The evaluation system for universities and colleges has been reduced to an empty formalism, giving rise to sycophancy and feigned compliance, according to a survey conducted by the Taiwan Higher Education Union, a trade union comprised of faculty and staff from the nation’s institutes of higher education.
“The policy is well-intended, but after implementation [in 2006], it has drawn heated criticism and complaints from teachers. As a trade union, we are calling on the government to suspend the project and put it under thorough examination,” said Tai Po-fen (戴伯芬), the union’s chairperson and a sociology professor at Fu Jen Catholic University.
Commissioned by the Ministry of Education to develop and carry out the university evaluation system, the Higher Education Evaluation and Accreditation Council of Taiwan completed the project’s first phase by evaluating 1,908 departments at 79 institutes in 2010.
Phase two — to qualify students’ performances and educational effectiveness — began this year.
Using online questionnaires, the council collected 701 valid samples from faculty and staff of higher education institutions, and found that more than 83 percent of the respondents believed the system did nothing to improve teaching quality, while more than 88 percent said their research work and teaching performances were severely compromised by the system. Overall, about 83 percent of respondents did not support the project and said it should be discontinued.
The survey also found the main reason for teachers’ resentment against the system is that it has become a mere formality and a waste of time and resources. More than 80 percent of the respondents said committee members were “opinionated” and “lacked professionalism.”
Chou Ping (周平), chair of Nan Hua University’s Department of Applied Sociology, said fawning behavior has become a common sight on campuses. For example, when members of the evaluation and accreditation committee visited his school, faculty were asked to “line the road to welcome them with cheerful smiles,” accompanied by the school’s drumming troupe.

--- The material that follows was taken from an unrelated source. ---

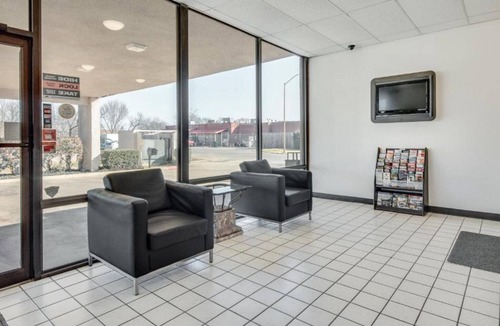 Longview Apartment | 1 Queen Bed | Non-Smoking, Kitchen, Sofa-Bed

Moreover, in order to “meet the committee’s expectations,” department heads and management simply borrowed others’ reports that had passed the evaluation rather than actually creating material suitable for a particular department, Chou said.
“The bureaucratic despotism of the ministry has brought out the worst in people. It lets the vices of humanity grow and thrive,” he added.
Tai said students at her school were given notes with answers to the questions the commissioners might ask in relation to the school’s educational goals.
“They even put flags on campus that contained hints and clues to the right answers,” Tai said.
Chou said the system has singlehandedly destroyed general education programs because in order to make the number of professors “satisfactory,” schools chose to dissolve general education centers and transfer faculty members to departments that are deemed more important.
To Chen Cheng-liang (陳政亮), assistant professor of the Shih Hsin University’s Graduate Institute for Social Transformation Studies, the ministry’s top-down approach to policy-making is the reason the system is failing.
“It only makes sense that each department or discipline should have its own evaluation system,” he said.